Extracted entries:
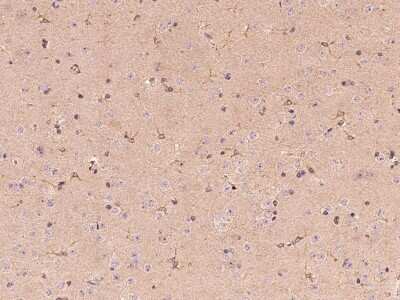 Immunohistochemistry-Paraffin: Butyrylcholinesterase/BCHE Antibody [NBP2-98275]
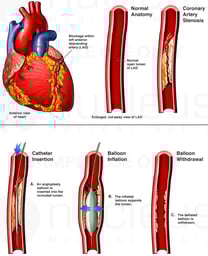 Coronary Artery Stenosis with Angioplasty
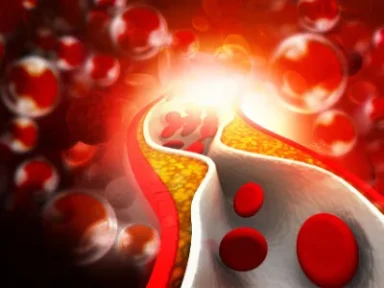 Metaboliczne czynniki ryzyka i wpływ alirokumabu na zdarzenia sercowo-naczyniowe po ostrym zespole wieńcowym: Analiza post hoc badania Odyssey Outcomes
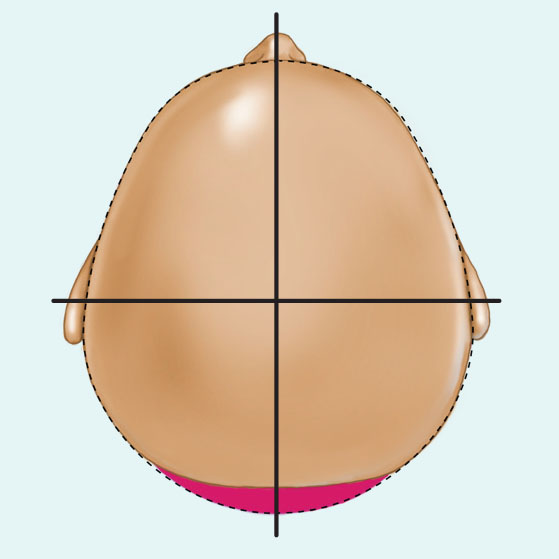 Type I infant deformational brachycephaly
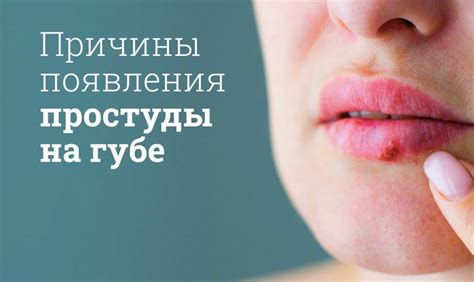 Альтернативные методы лечения простуды на губе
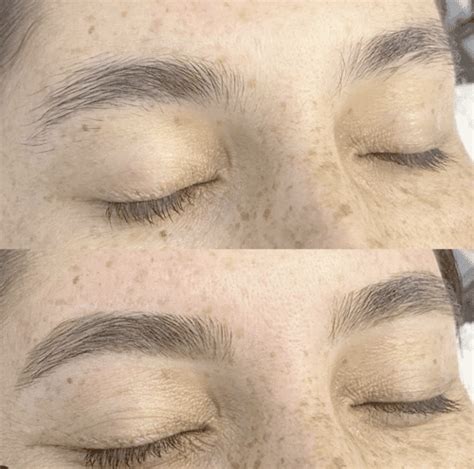 The Brow Fixx | How To Avoid Breakouts After Eyebrow Waxing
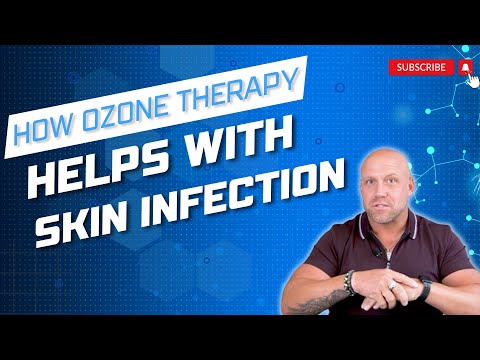 Ozone therapy for skin infections | Uses, benefits, side effects, and science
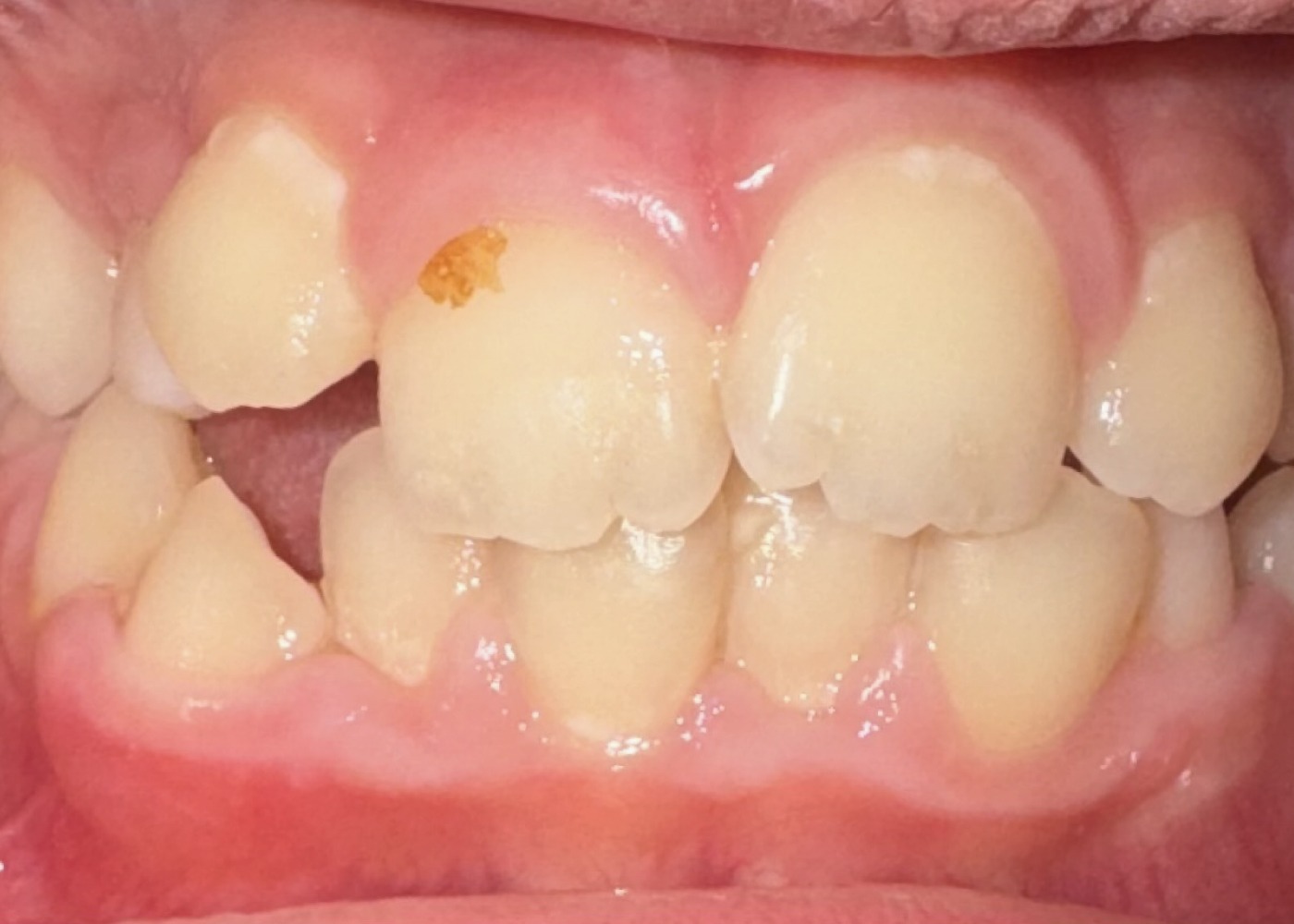 Dentatura di un bambino con disallineamento dentale per valutazione ortodontica a Napoli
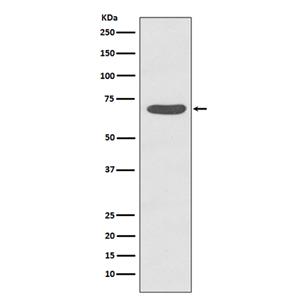 Phospho-PKC zeta (T560) (14P10) Rabbit Monoclonal Antibody | 兔单抗 | EnkiLife恩玑生命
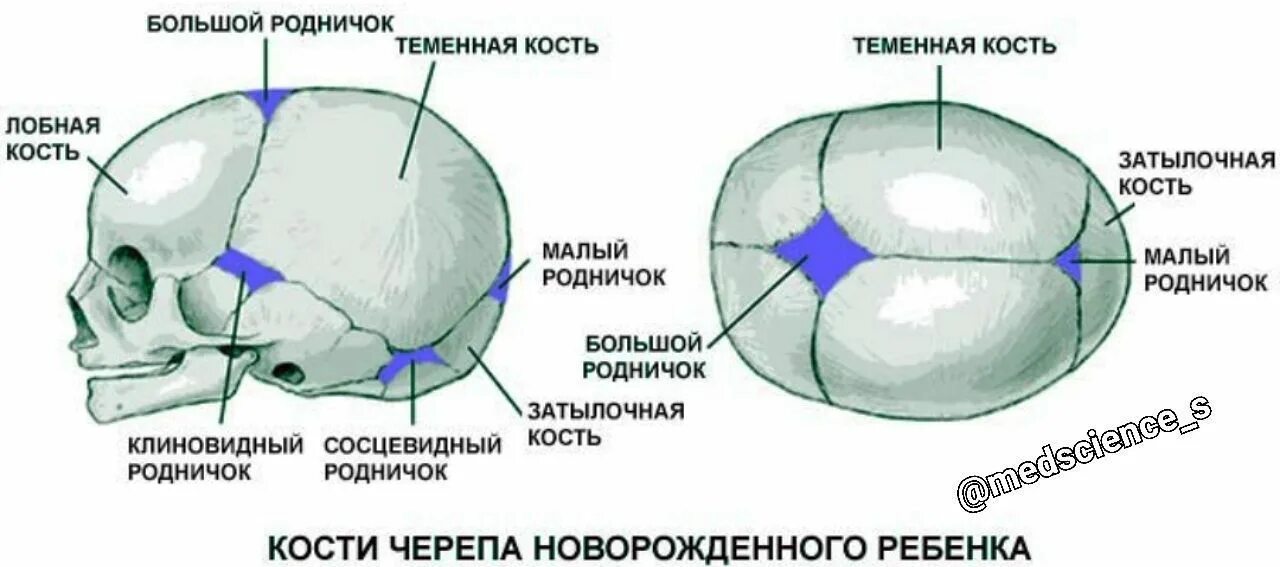 Родничок должен. Роднички черепа анатомия. Череп новорожденного ребенка с родничками и швами. Роднички новорожденного анатомия черепа. Череп новорожденного большой и малый Родничок.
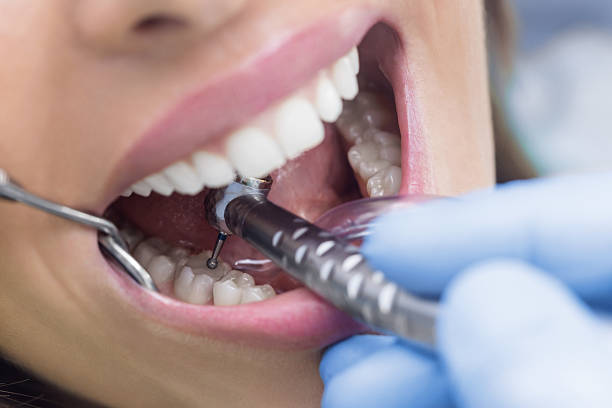 istock Young Woman At The Dentist 638903794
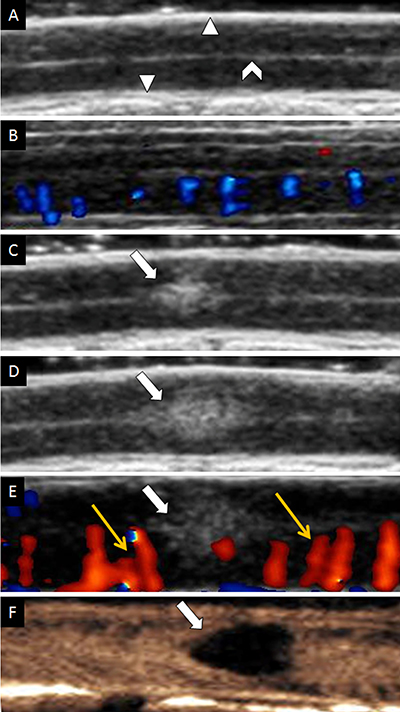 Ultrasound imaging of spinal cord on longitudinal view.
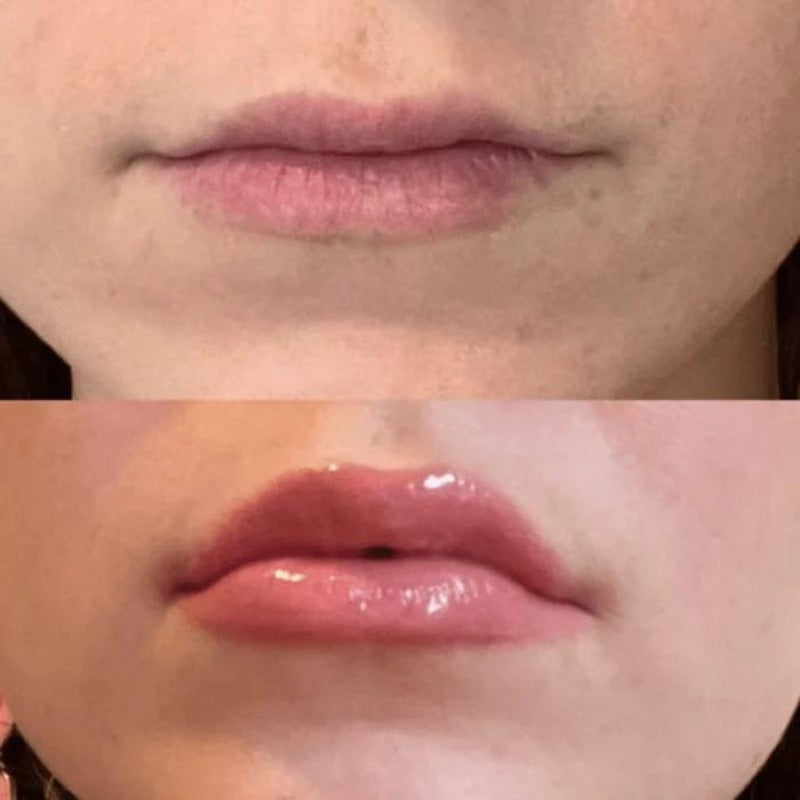 cosmelips lip plumper before after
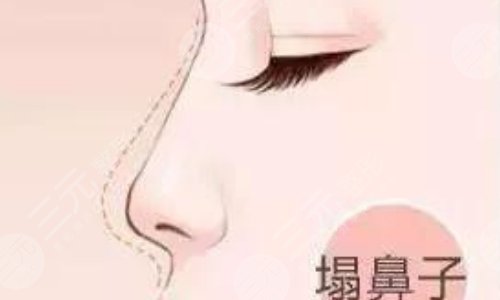 奧美定隆鼻有什么副作用？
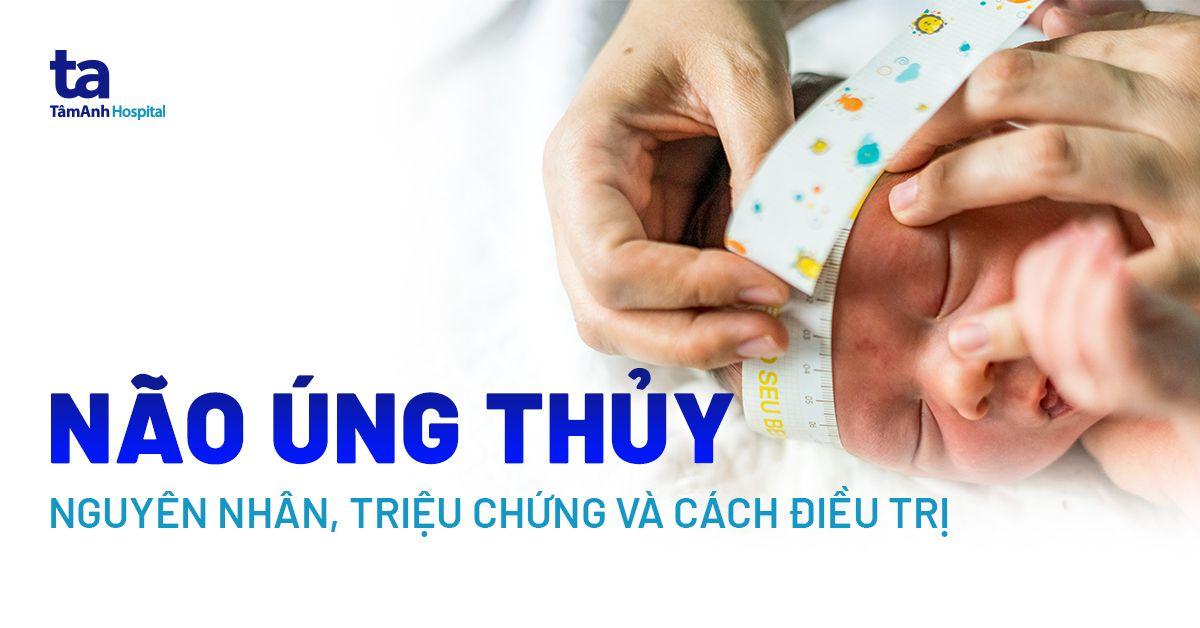 Não úng thủy: Nguyên nhân, triệu chứng và cách điều trị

Work instruction: Because only one stretch of the records is wanted, please output the lines from the one holding "The Brow Fixx" through the one holding "Dentatura di un" exactly, both included, and leave every picture out.

Finished task:
 The Brow Fixx | How To Avoid Breakouts After Eyebrow Waxing
 Ozone therapy for skin infections | Uses, benefits, side effects, and science
 Dentatura di un bambino con disallineamento dentale per valutazione ortodontica a Napoli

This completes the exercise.